Acanthopathes undulata feeds by gathering plankton from its surrounding water. The shape of the coral maximized surface area to gather as much food as possible in low-light environments. Acanthopathes undulata tend to live on hard substrates and are adapted to thrive in highly specific currents to support their feeding strategy. While Acanthopathes undulata possesses algal symbionts, it does not rely solely on symbiotic algae for energy.

== Distribution and habitat ==
Acanthopathes undulata was originally described in Indonesia at a depth of 113 meters, but is now found in the Indian and Pacific oceans, near the Hawaiian, Mariana, and Daito Islands. Acanthopathes undulata are benthic deep-sea invertebrates living at depths between 30 and 269 meters in the Hawaiian Archipelago. In the Mariana Islands, Acanthopathes undulata lives at depths between 115 and 146 meters.

Acanthopathes undulata are preyed upon by specific gastropods and sea turtles. Chelonia mydas, the Green sea turtle, is one of the species known to consume antipatharians. Because Acanthopathes undulata is consumed by few animals, it experiences low levels of predation.

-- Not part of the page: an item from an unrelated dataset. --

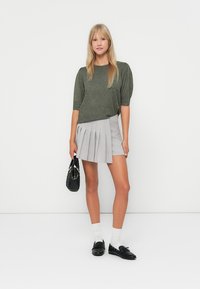 Un pull court à manches courtes de couleur vert olive associé à une mini-jupe grise plissée. Le mannequin tient un sac noir ; des chaussettes blanches et des mocassins noirs viennent parfaire le look.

Acanthopathes undulata is crucial to the ecosystems of deep-reef environments in the Indo-Pacific. The organism serves as a foundation for communities of marine invertebrates and fish. Their role in habitat and structure with deep-sea reefs promotes biodiversity in this region. The depths at which Acanthopathes undulata thrives can be dangerous for divers to explore and take collections from, so these regions are often not studied. Acanthopathes undulata also serves as an important example for taxonomic distinctions, such as antipathin, the rigid chitin skeletons of black corals. Acanthopathes undulata are highly sensitive to disturbance, making them notable indicators of environmental changes and the impacts of human activities.